Word Automation Services: What It Does

Following up on my first post about Word Automation Services, I wanted to continue by talking about the functionality offered (and not offered) by the service, how it's exposed, and the types of solutions you will be able to build on top of it.

What the Service Does

Functionally, the service is very simple – this is intentional, as we wanted to address the pain points that we've heard loud and clear from you over the past few years, while keeping performance and scale at the top of our priorities (which meant avoiding the temptation to bring over everything "just because").

With that mindset, we really only set out to tackle the two most common requests that we hear:

  1. I have a bunch of Word documents. I want to convert them to PDF on the server in bulk (e.g. DOCX to PDF).
  2. I have a template and some data. I want to merge the two and create a set of PDF files; one per merge result (e.g. mail merge to PDF).

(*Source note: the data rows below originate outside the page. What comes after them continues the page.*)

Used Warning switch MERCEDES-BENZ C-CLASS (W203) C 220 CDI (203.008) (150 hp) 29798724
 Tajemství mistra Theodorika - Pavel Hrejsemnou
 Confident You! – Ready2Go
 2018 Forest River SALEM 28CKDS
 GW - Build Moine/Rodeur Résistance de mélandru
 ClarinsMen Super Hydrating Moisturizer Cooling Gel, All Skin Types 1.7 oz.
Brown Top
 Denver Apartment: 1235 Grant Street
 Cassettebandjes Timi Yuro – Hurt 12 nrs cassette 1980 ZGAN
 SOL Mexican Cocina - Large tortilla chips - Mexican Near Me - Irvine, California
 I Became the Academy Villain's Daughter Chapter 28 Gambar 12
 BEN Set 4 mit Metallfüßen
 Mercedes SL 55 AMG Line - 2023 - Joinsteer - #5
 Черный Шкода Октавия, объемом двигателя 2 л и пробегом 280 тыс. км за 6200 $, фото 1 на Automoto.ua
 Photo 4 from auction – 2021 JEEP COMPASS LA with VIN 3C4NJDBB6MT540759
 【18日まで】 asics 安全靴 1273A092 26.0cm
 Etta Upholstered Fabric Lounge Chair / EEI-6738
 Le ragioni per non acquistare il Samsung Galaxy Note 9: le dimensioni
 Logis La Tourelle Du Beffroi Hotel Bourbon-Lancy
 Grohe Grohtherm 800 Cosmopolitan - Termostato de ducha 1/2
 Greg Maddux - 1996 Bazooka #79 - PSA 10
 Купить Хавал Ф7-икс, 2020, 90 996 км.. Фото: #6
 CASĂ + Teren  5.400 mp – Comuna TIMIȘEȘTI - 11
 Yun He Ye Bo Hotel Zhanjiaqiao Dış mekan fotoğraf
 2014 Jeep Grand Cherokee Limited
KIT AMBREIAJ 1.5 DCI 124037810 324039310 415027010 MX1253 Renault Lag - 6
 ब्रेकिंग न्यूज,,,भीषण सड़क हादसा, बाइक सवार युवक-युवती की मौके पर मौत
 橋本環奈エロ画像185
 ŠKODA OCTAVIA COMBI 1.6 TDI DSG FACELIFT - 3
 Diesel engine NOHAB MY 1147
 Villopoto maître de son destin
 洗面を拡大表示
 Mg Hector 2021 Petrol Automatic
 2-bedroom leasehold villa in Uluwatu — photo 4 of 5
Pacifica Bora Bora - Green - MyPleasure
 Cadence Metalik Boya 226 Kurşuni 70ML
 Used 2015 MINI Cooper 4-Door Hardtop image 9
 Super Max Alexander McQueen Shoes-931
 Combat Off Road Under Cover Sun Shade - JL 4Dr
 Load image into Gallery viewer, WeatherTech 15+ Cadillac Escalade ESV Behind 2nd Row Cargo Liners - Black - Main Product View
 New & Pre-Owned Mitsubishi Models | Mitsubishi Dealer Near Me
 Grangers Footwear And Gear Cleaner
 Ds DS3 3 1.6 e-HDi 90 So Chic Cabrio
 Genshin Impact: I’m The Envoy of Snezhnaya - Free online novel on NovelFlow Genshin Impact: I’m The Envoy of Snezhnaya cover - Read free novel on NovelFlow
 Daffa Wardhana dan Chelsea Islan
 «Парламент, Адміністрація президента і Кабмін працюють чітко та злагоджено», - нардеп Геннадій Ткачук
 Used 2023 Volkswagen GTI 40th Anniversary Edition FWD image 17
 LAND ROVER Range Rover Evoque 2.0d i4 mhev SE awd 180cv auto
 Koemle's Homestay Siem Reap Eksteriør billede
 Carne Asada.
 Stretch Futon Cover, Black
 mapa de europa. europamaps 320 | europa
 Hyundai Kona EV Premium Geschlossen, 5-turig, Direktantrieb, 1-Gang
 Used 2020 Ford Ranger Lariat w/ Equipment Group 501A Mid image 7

Now, when we hear that, the output format's not always PDF (but it's probably the most common). As we translated that to features, it meant that the server needed to do one thing really well: file conversions. Accordingly, Word Automation Services supports conversions to/from almost all of the formats Word client understands:

File formats the service can read:

  • Office Open XML (DOCX, DOCM, DOTX, DOTM)
  • Word 97-2003 Document (DOC) and Word 97-2003 Template (DOT)

    • We also support older versions of Word as far back as Word 2.0 for Windows (!)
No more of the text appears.